[Work required] The answer is the exact run of lines in the listing below from the line containing "Loewe Flow Mixed" up to and including the line containing "Snapshot of naomi_sweet420", with pictures removed.

[Records supplied]
□ □ □ □ □
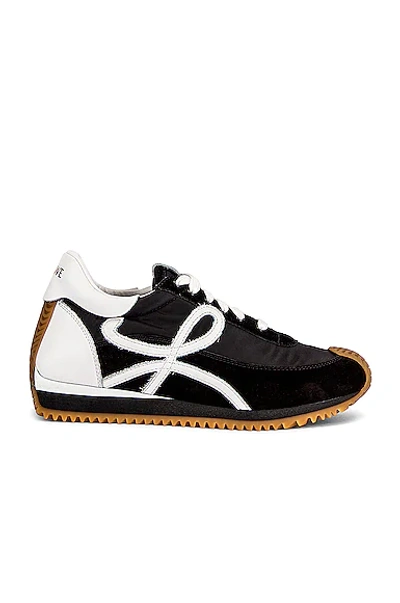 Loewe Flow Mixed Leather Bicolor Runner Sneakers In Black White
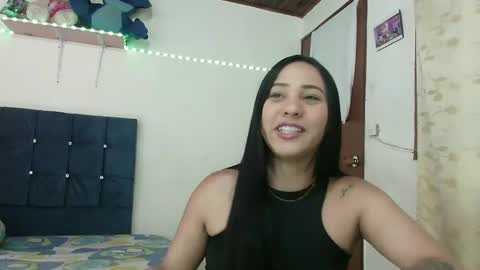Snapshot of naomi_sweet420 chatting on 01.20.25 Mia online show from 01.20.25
□ □ □ □ □
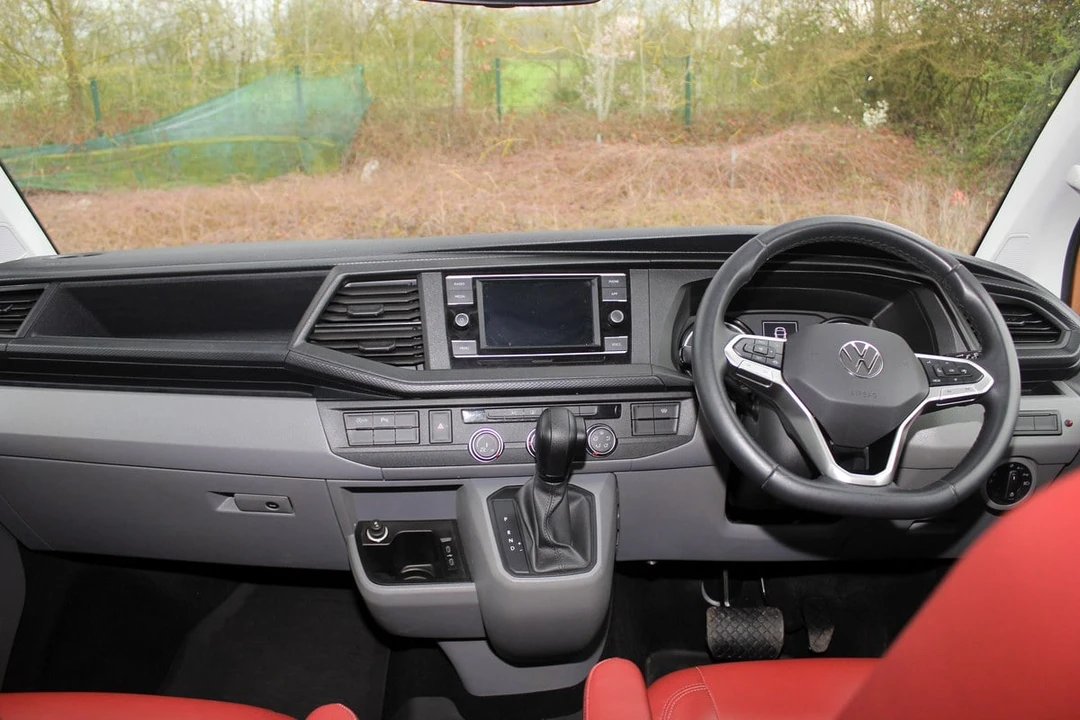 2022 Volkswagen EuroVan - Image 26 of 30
□ □ □ □ □
[Written reply]
 Loewe Flow Mixed Leather Bicolor Runner Sneakers In Black White
Snapshot of naomi_sweet420 chatting on 01.20.25 Mia online show from 01.20.25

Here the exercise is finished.